**Supplied data**:
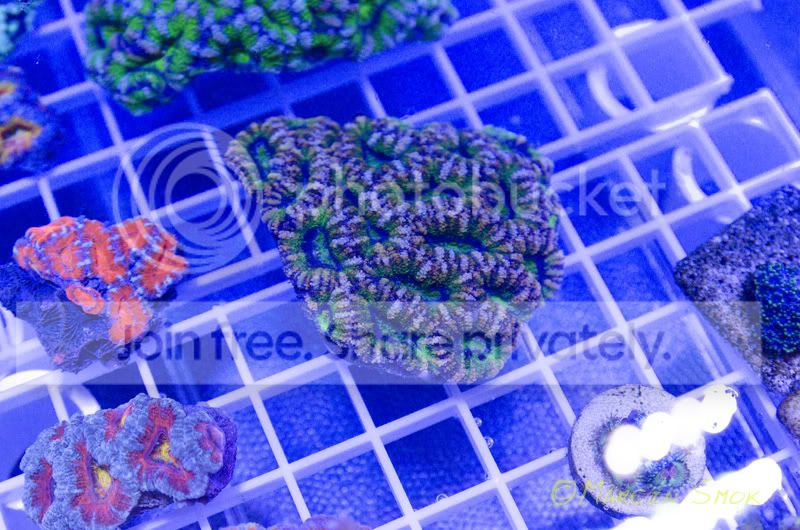 acan.jpg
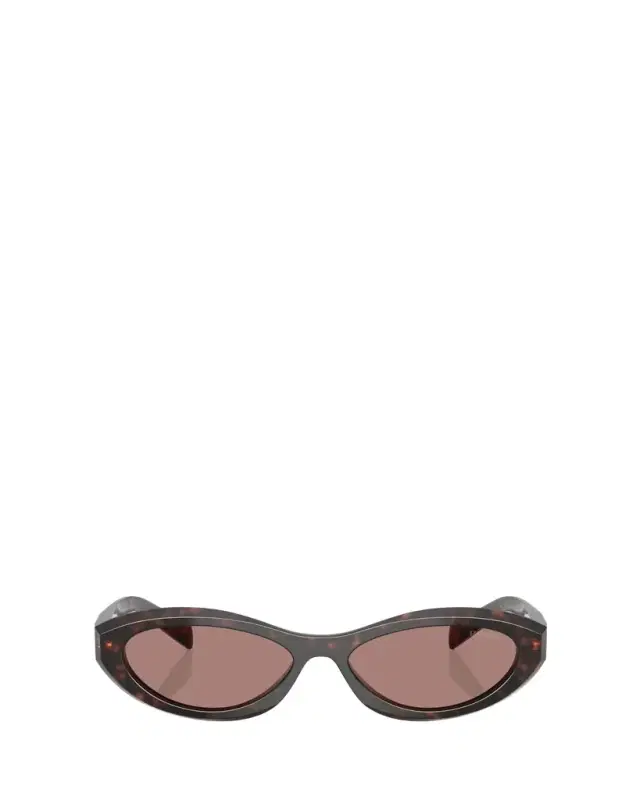 PR 26ZS Beveled Acetate & Plastic Oval Sunglasses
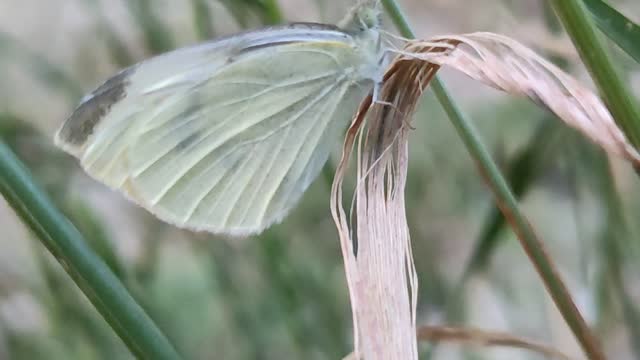 A cabbage white butterfly on a blade of grass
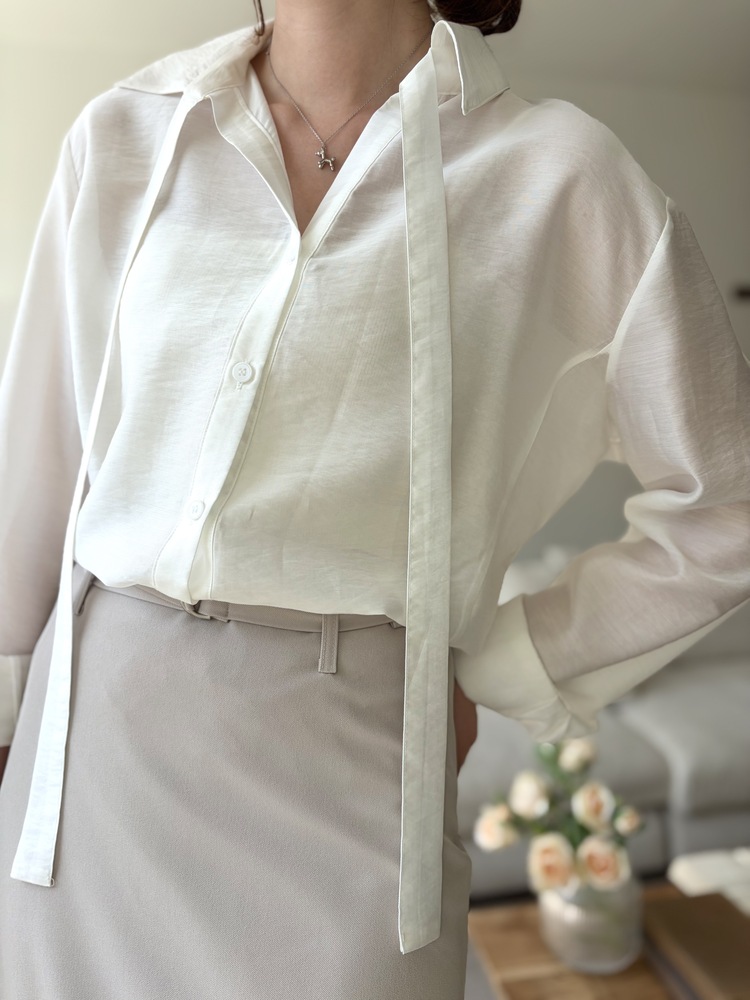 Tie Detail Sheer Blouse (Ivory)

**Your instructions**: Copy out every line above without change, dropping the pictures.

**Solution**:
 acan.jpg
 PR 26ZS Beveled Acetate & Plastic Oval Sunglasses
 A cabbage white butterfly on a blade of grass
 Tie Detail Sheer Blouse (Ivory)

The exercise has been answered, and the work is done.